Which may or may not be very relevant to a selective ref counting for
finalization scheme.  I don't think there's much more to say about that
unless we get empirical data from Jython users about the patterns of
use of Python objects that need timely finalization: are they often
shared between languages, or is that usually avoidable?

It does in any case complicate the issue.
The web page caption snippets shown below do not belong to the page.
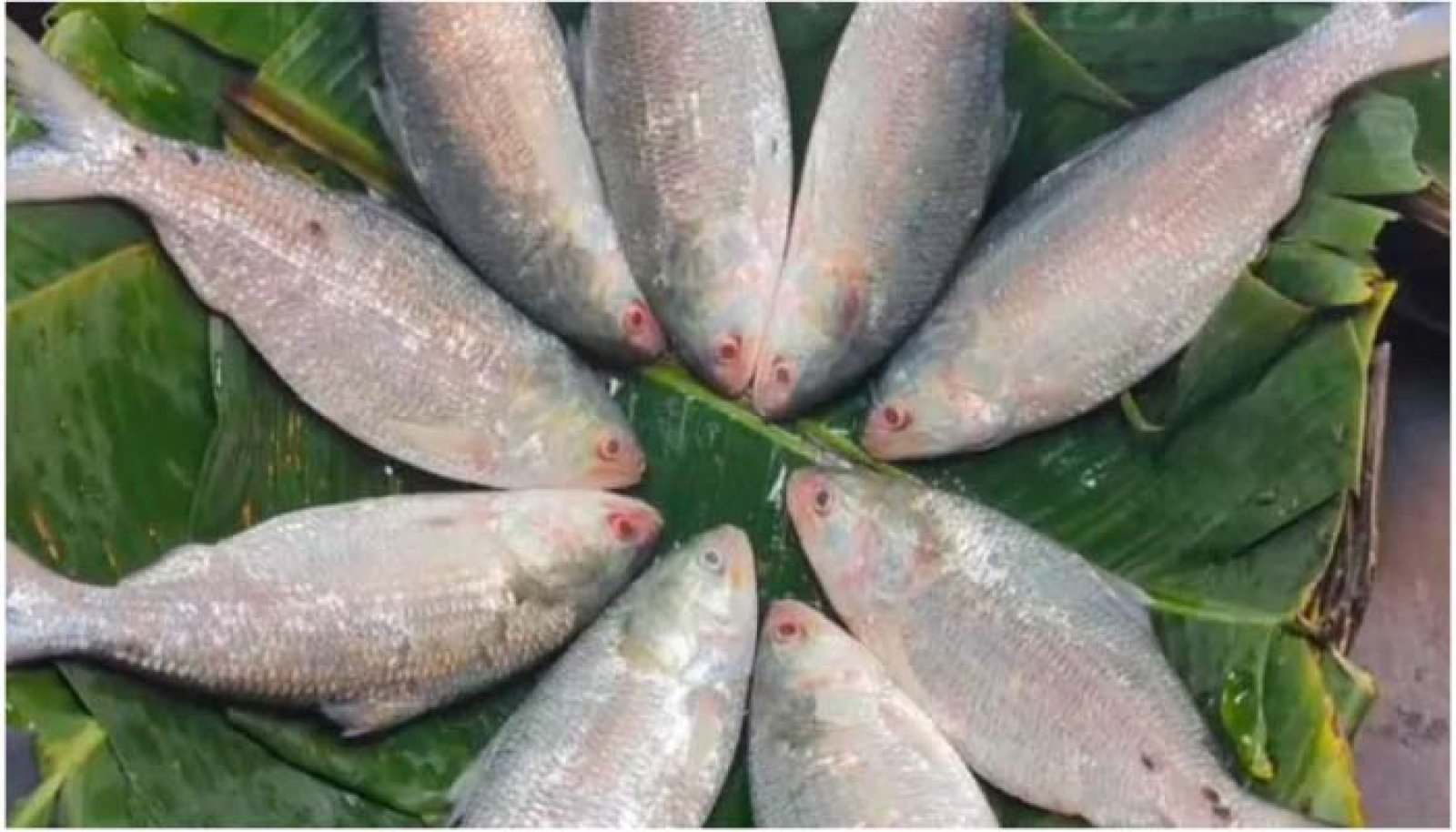 ইলিশের দাম আকাশছোঁয়া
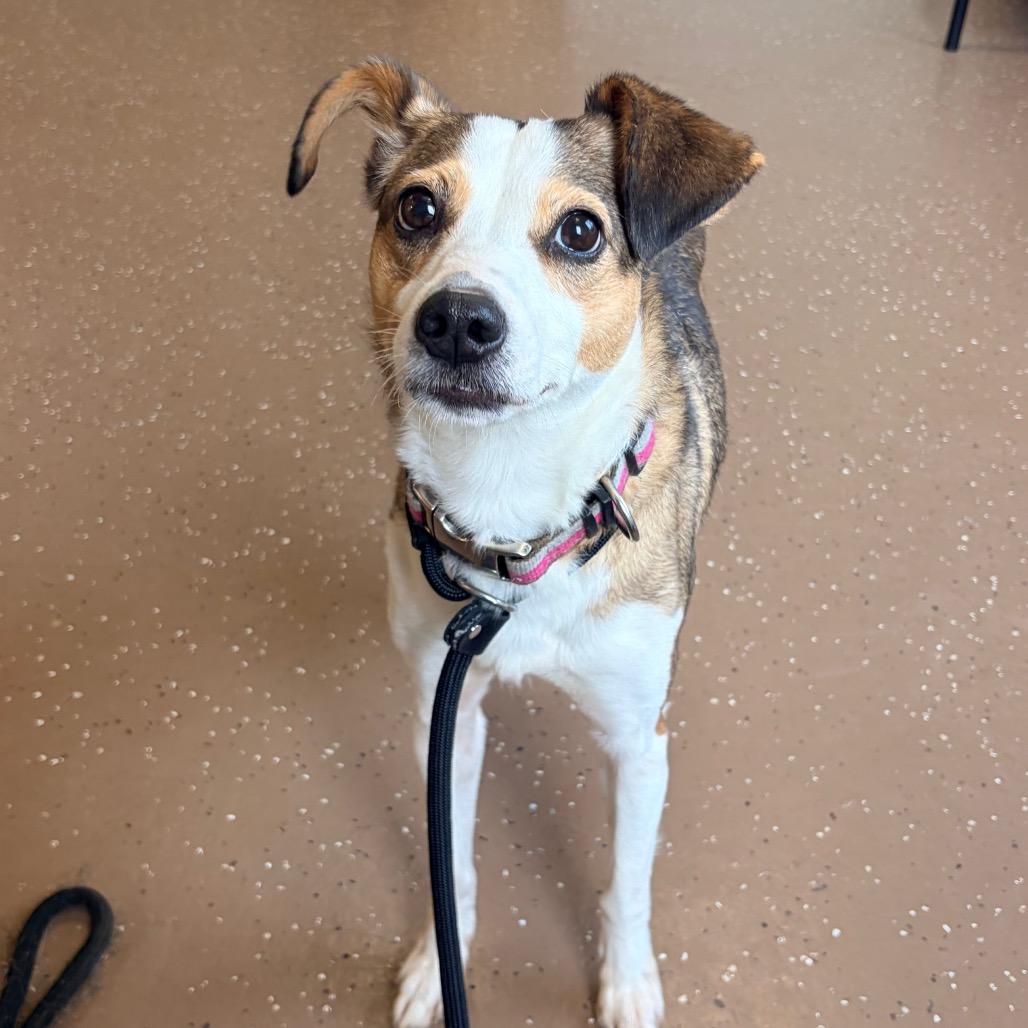 Enlarge Mitzy, a Adoptable mixed breed in Belleville, IL image 4/4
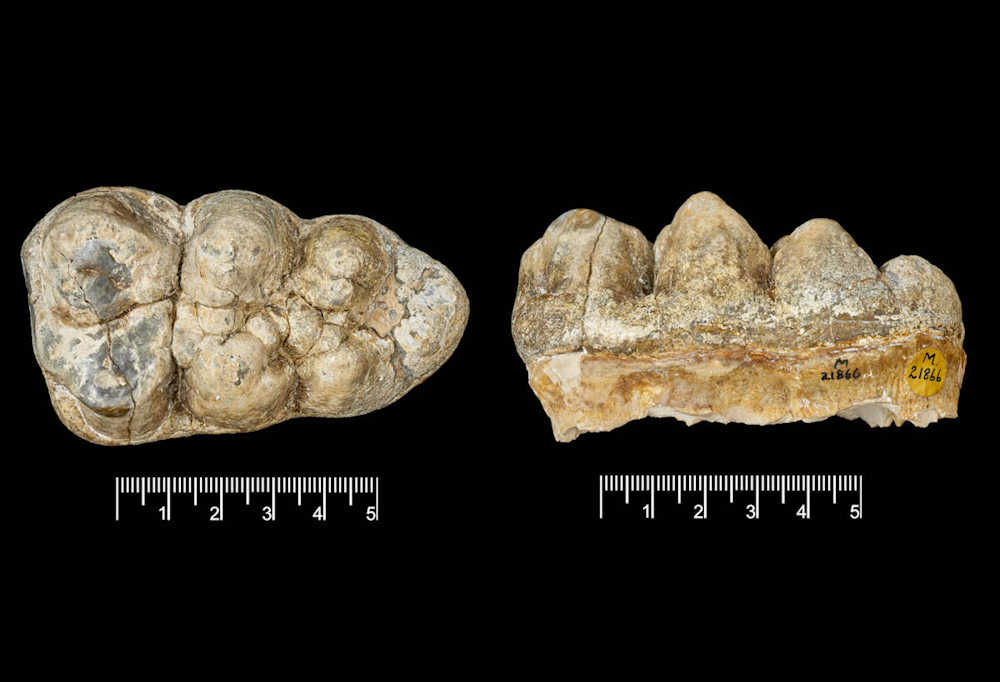 Two views of an upper left M3 Molar of Gomphotherium libycum (Specimen PV M 21866) from the 
British National History Museum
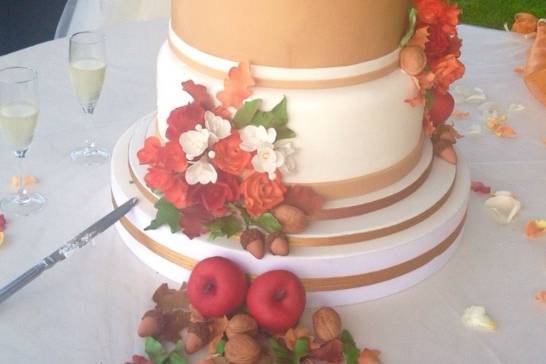 Torte Speciali Cake & Bakery 5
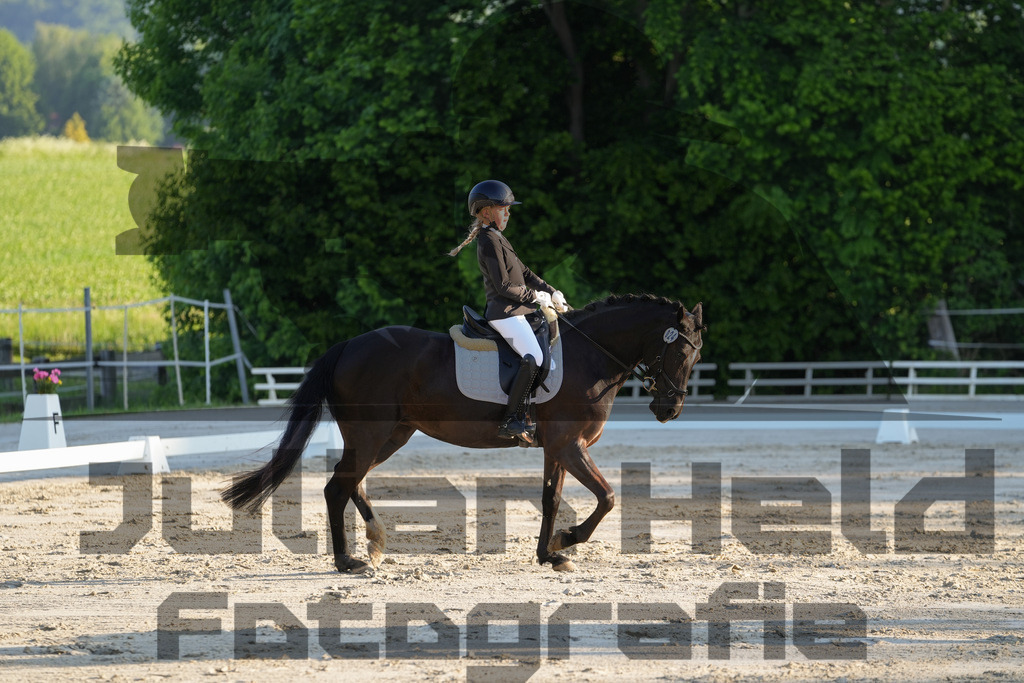 DSC02593 | Julian Held Fotografie - Realisiert mit Pictrs.com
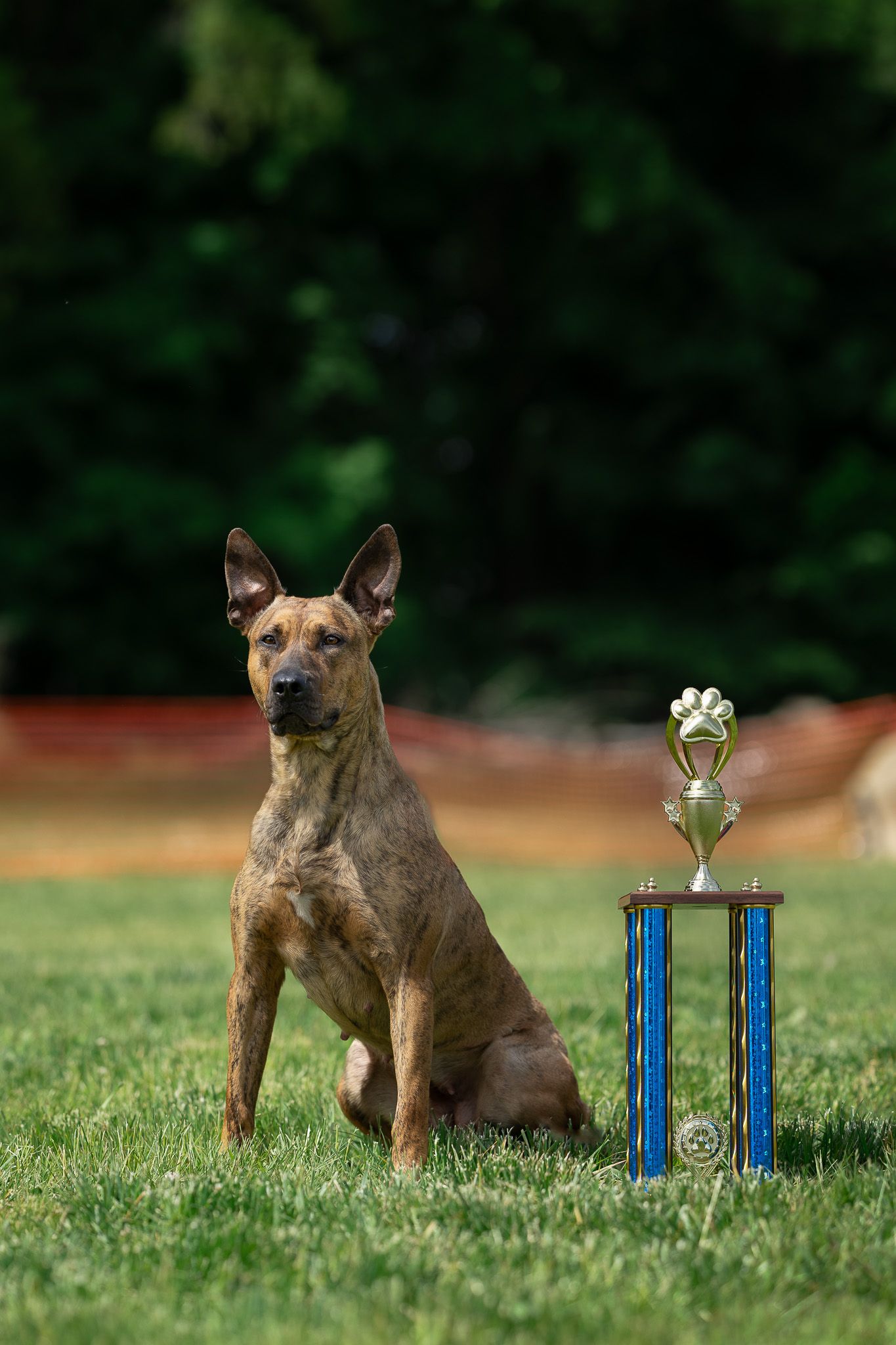 Brindle dog sitting proudly on grass beside a blue trophy with paw print topper at an outdoor dog show competition.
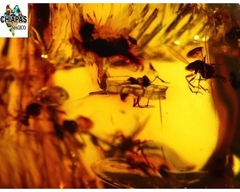 Ámbar Amarillo con Insecto #036 en internet
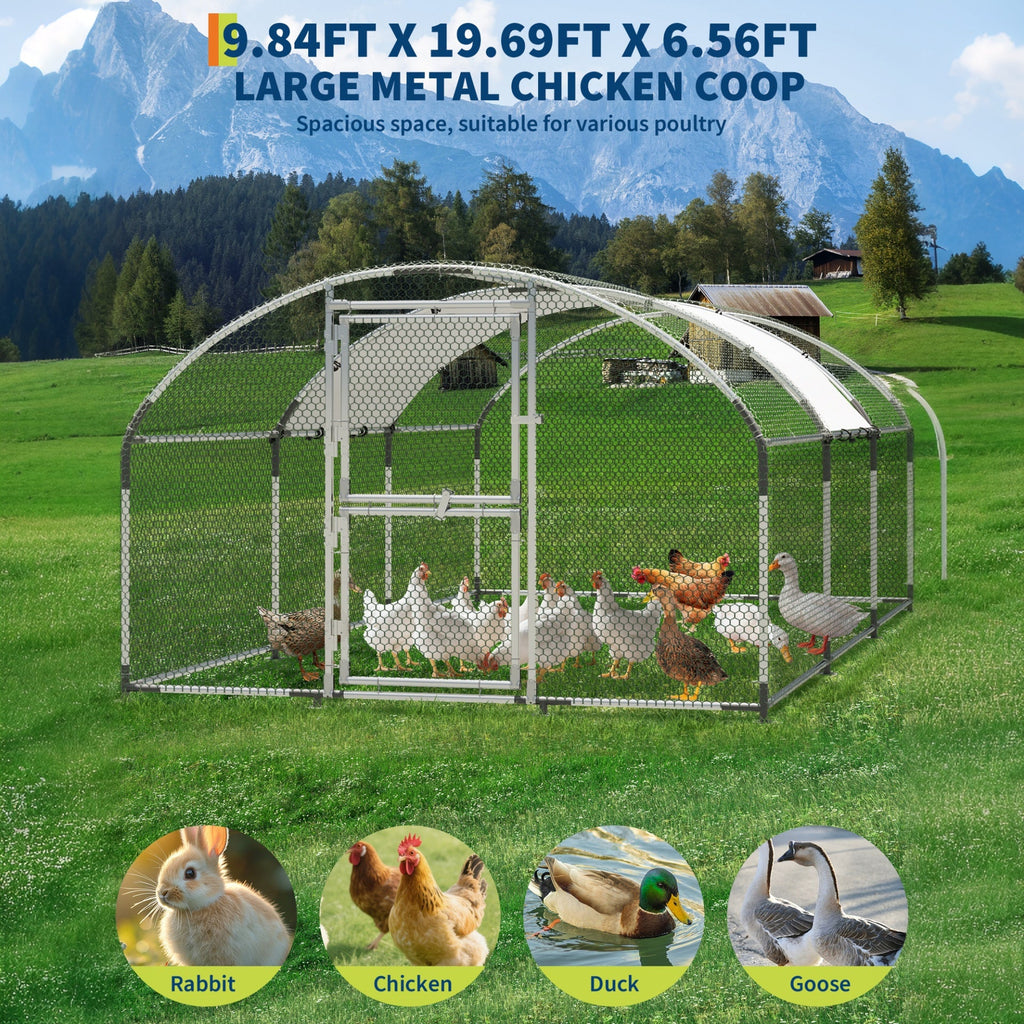 Garvee Upgrade Large Metal Chicken Coop with Feeder Door & Escape-Proof Design, Outdoor Domeroof Walk-in Poultry Hen with Waterproof Anti-UV Cover, Up to 30 Chickens,for Yard or Farm 19.7x 9.8x6.6FT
> Can you please explain how these schemes work? In CPython, all objects 
> are of type PyObject*, and Py_INCREF and Py_DECREF are macros that 
> access the internal structure of a PyObject, which contains the member 
> ob_refcount.

Okay,  Assuming that CPython were to wish to switch to a
non-ref-counting gc; assuming that there was some advantage to using
that, so that non-counted objects would be the default; assuming that a
mechanism not here described is introduced to allow objects to be
created as ref-counted when the tighter finalization timing were
important.

>From a perhaps superficial understanding of this, it looks like it
would be easy enough to implement the INCREF/DECREF changes for this. 
It seems likely to make the generated machine code simpler to use a
sentinel value in the ob_refcnt field, and the most convenient value is
probably zero.  The macros would then look like this (without debug
aids):

#define Py_INCREF(op) if ((op)->ob_refcnt != 0) ((op)->ob_refcnt++)
#define Py_DECREF(op) \
        if ((op)->ob_refcnt == 0 || --(op)->ob_refcnt != 0) \
                ; \
        else \
                _Py_Dealloc((PyObject *)(op))

BTW, why is DECREF written in that unnatural way?

This adds a little code size to both, and probably makes INCREF a
little slower; DECREF should be a trifle faster for the majority of
objects that are not ref-counted, and it might even turn out to be
worthwhile to move the decrement to a utility function to reclaim the
code space if ref-counting were infrequently enough used.  Or would the
call to __del__ be inlined now that this code is no longer responsible
for scavenging the memory?

> This doesn't translate to Jython at all, since Jython uses native VM 
> instructions and the native VM stack to manipulate object references, be 
> it references to Jython objects, or to "pure" Java objects.

I don't understand what you're saying here at all.  Do you really mean
that a Java programmer *cannot* implement reference counting in a way
analogous to what can be done in, say, C++?  Of course there are issues
about letting references escape into non-counted contexts, and in Java
one wouldn't be counting for the purpose of scavenging memory.